'VISCOM' brings out the best in UA graphic artists
Student competition runs through May 3
"Visual Communications, 2000" displays art forms, such as poster advertisements, illustrations and logos, that are commonly overlooked by galleries but draw attention to that ever-present and most tangible relationship between art and the general public.
The annual exhibit takes place at the Lionel Rombach Gallery through May 3 and provides a rare opportunity for graphic design and illustration students to gain recognition for their work and to exhibit it to its intended audience - the local community.

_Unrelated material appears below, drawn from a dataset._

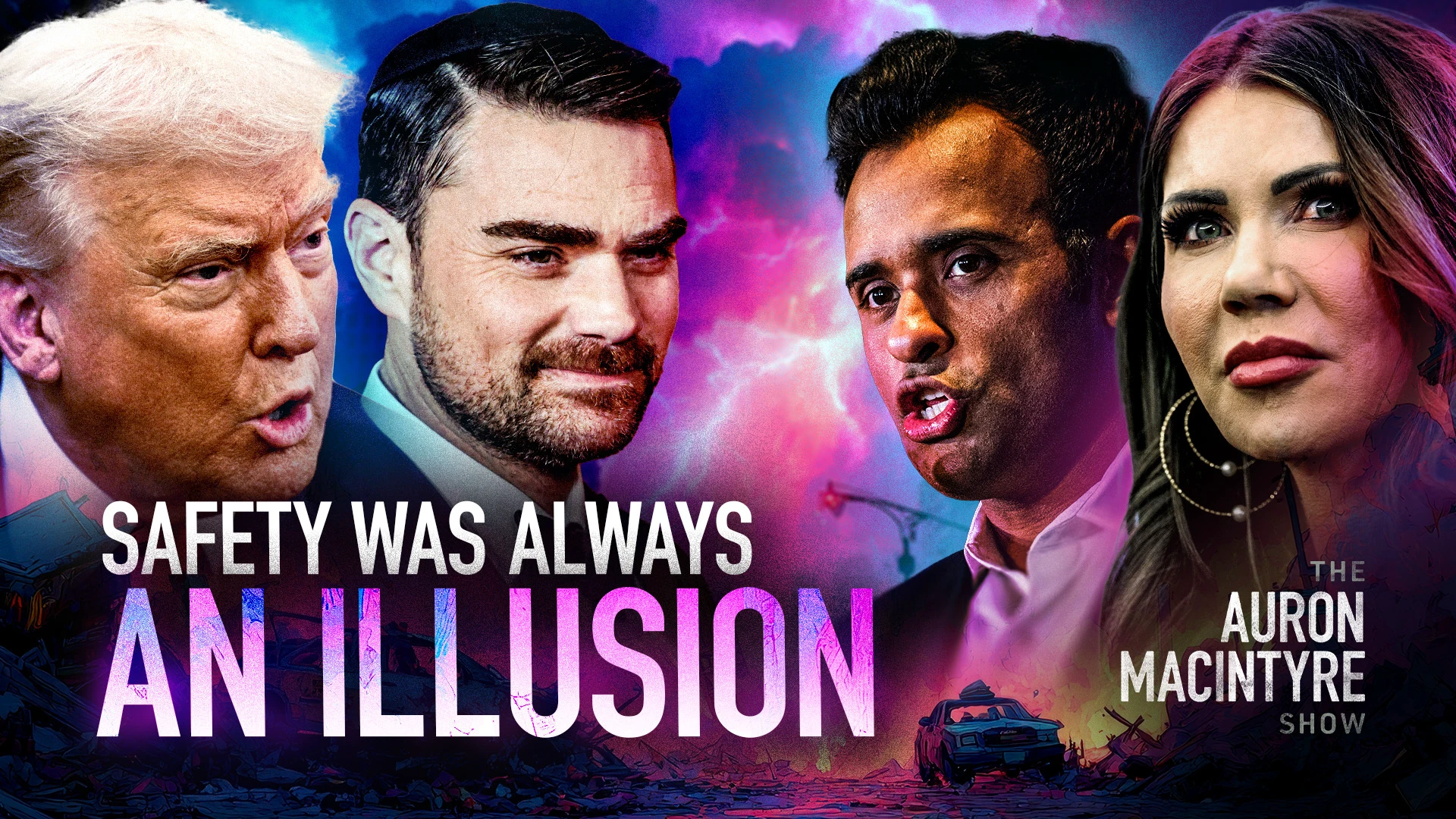 Auron MacIntyre on Odysee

The jurors for this year's show were Michael Patrick Cronan and Polly Johnson, both established commercial artists. Along with admitting works for the exhibit, the judges collaborated to select the "Best of Show" award, and each judge individually chose one other work for an award.

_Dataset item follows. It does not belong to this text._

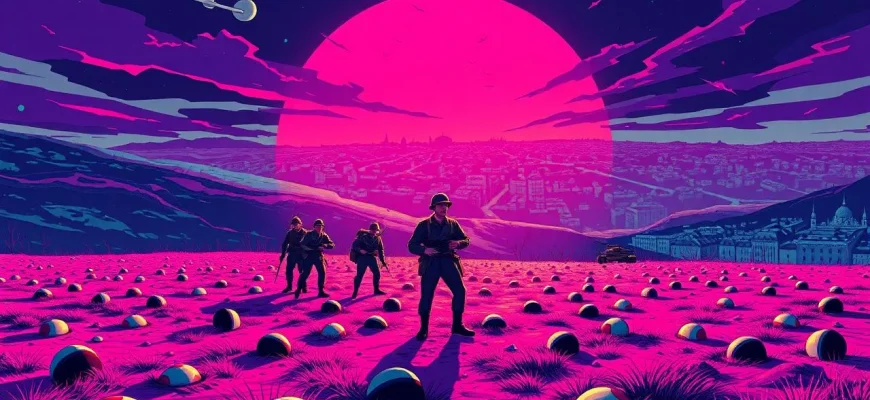 Wojenne filmy o polach minowych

This year's "Best of Show" award was given to fine arts senior Starr Merten for her poster that advertises a 1999 event at the Center for Creative Photography, "Nine Pioneers in Graphic Design."
Black and white heads of the honored artists form a number nine on a pale yellow background. The well-crafted poster is clear in concept, easy to read, and the disembodied heads offer the work a nice sense of humor.
The Polly Johnson Judge Award went to fine arts senior Marsha Underwood for her minimalist logo design for "ArcRAIL." The logo itself is a single line, suggestive of motion and the shape of a high-tech train. Along with the logo, the work featured a letterhead with matching envelope and a personal business card.
The Michael Cronan Judge Award was given to Fine Arts student Hillary Blanchard for her logo, letterhead, envelope and business card designs for "Echotech Industries."
In contrast to Underwood's crisp and sleek linear design, Blanchard's design features the rugged quality of a typewriter's lowercase "e." Blanchard chose a literal approach to the company name, opting to have waves echo away from the "e."
Both designs are clear, elegant and give the companies visual personality.
The majority of the show is displayed salon-style, in two and sometimes three horizontal rows that circle the room. Although this is at times chaotic, the setup allows the viewer to recognize the variety of media and approaches used under the broad headings of illustration and design.
At the start of the exhibit, fine arts senior Bikram Saggoo's interactive computer art features three "projects" on an iMac, in which the viewer can access various digital photography and video clips using the mouse. The programs incorporate music set to complement the visual images.
In "Pi," Saggoo remade the introduction sequence to the movie "Pi," using blurry and ambiguous running video. Delicate abstract shapes and shadows create a mysterious space for the opening credits to slip through.
His first project, "Water," is more interactive and invites the viewer to explore various properties of water like a Web site.
Although much of the intrigue this show offers is the interaction between companies or events and the artists, the illustration segment of the show accents the aspect of the visual communications program that is more open to interpretation. The exhibit is strongest where the artists have given the community character.